Edit: here is the link in @Quazz post. Understand this is an experimental init that hasn’t been fully tested, but has shown promise on these nvme drives. https://forums.fogproject.org/topic/13620/very-slow-cloning-speed-on-specific-model/10
Edit2: Wait, I see from your picture you are already using the new inits because you have partclone 3.12. Hmmmm there must be something else going on here.
-
@george1421 entered debug and the nvme_core parameter doesn’t appear to be set.
-
@Middle make sure that sysctl exists on the FOS Linux system. Just run
sysctl -a
and that will print out all kernel parameters. You can pipe that to more if you want to see it a page at a time. -
@george1421
sysctl
exists and returns results. Usingsysctl -a | more
we still don’t see anything that’s setting the latency parameter. -
@Middle OK so sysctl exists lets try this.
- Setup a debug deploy (tick the debug checkbox when you go to schedule the task)
- PXE boot the target computer.
- After several screens of text you need to clear by pressing the enter key you will be dropped to the FOS Linux command prompt.

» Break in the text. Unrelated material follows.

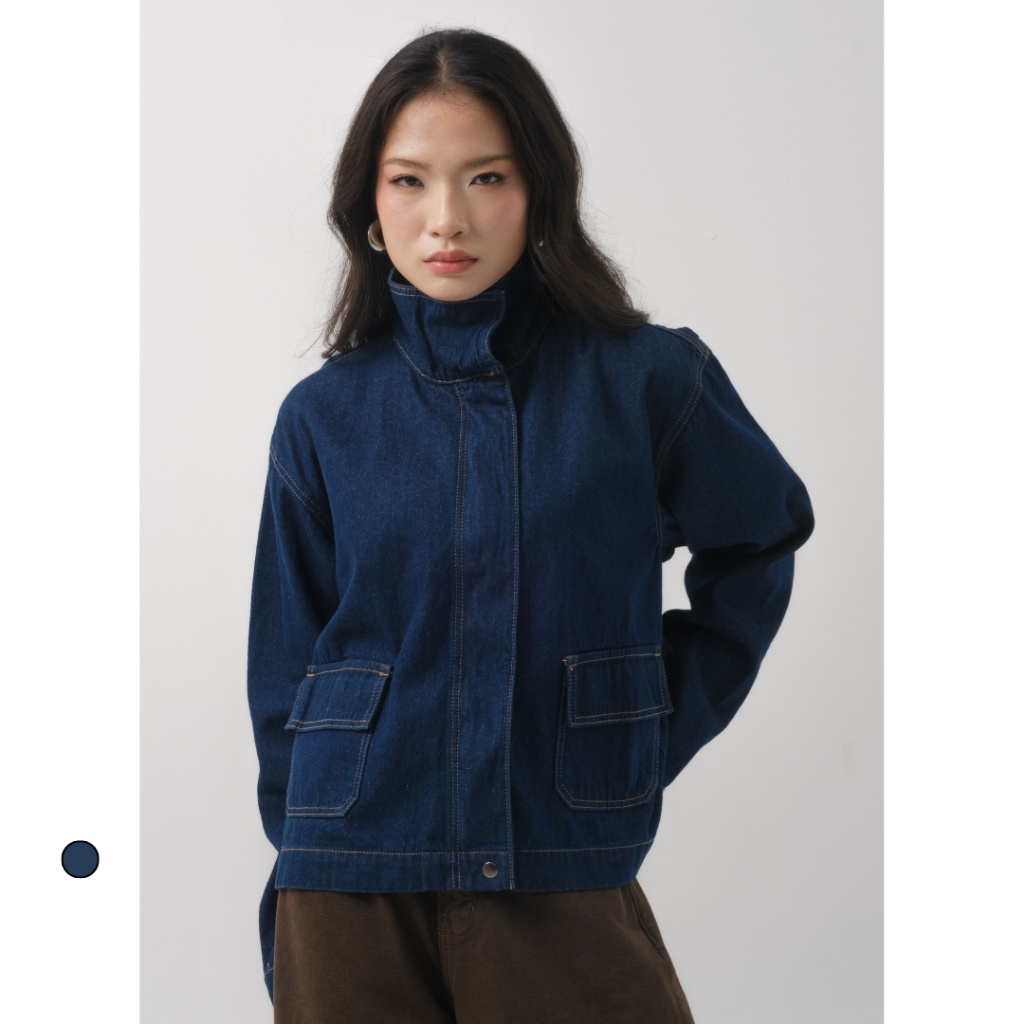 Amygo Store - Kean Denim Jacket | Oversized Premium | Denim Jacket | Outer Kasual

- At the FOS Linux command prompt key in
sysctll -w nvme_core.default_ps_max_latency_us=5500
and press enter - Confirm the setting is in place with
sysctl -a | grep nvme
- If everything checks out OK then start the FOG master script with
fog
In debug mode you will need to press enter after every step but imaging should proceed. Lets see if by manually entering the kernel parameter it images correctly. If it works we can do an automated process later. Right now I want to see if there is a change.
-
@george1421 Back in the office and just tried this. We get unknown key for the latency parameter.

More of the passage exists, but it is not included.